*** Opening of Dataset content ***

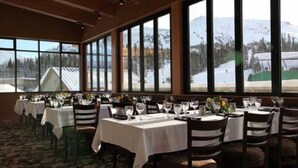 A restaurant with tables set for dining, large windows with a mountain view, and a carpeted floor. - Sunshine Mountain Lodge - Superior Room (Banff)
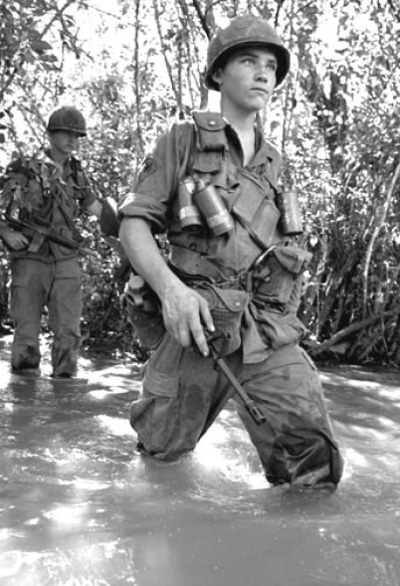 soldier in vietnam wading through river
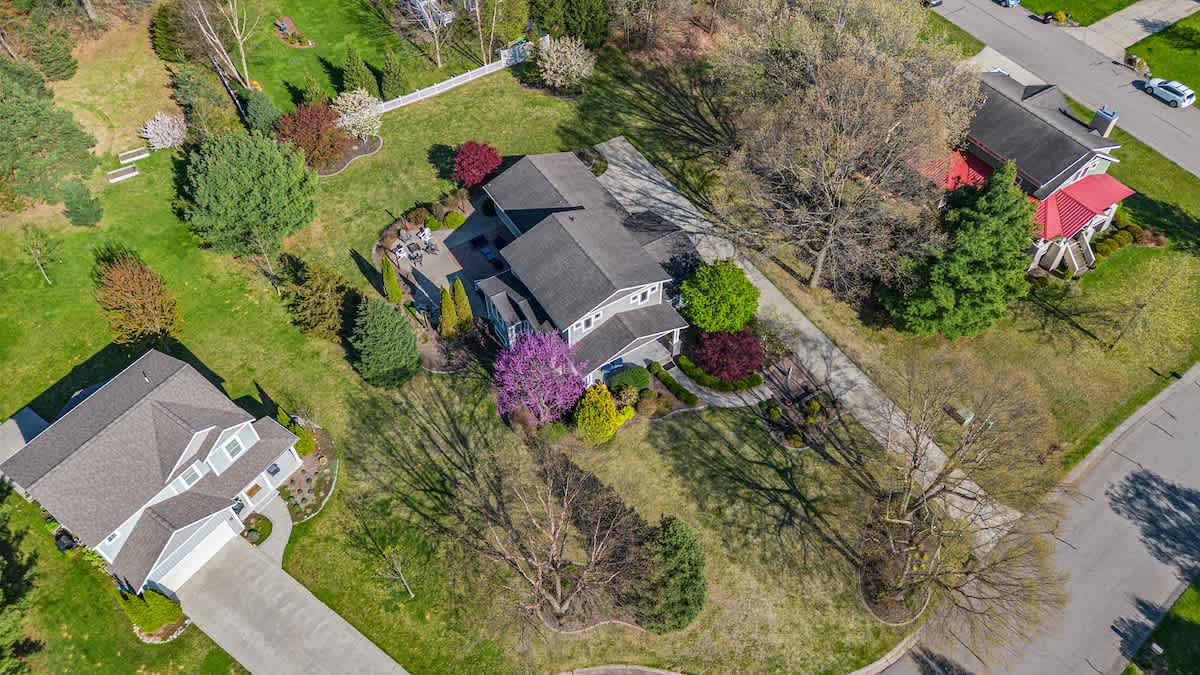 An expansive aerial view showcasing a large residential property with a gray house, extensive green lawns, mature trees, and colorful spring foliage, nestled within a well-maintained suburban neighborhood.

*** Close of Dataset content ***

Word-for-word transcription: the whole listing, with images excluded.

 A restaurant with tables set for dining, large windows with a mountain view, and a carpeted floor. - Sunshine Mountain Lodge - Superior Room (Banff)
 soldier in vietnam wading through river
 An expansive aerial view showcasing a large residential property with a gray house, extensive green lawns, mature trees, and colorful spring foliage, nestled within a well-maintained suburban neighborhood.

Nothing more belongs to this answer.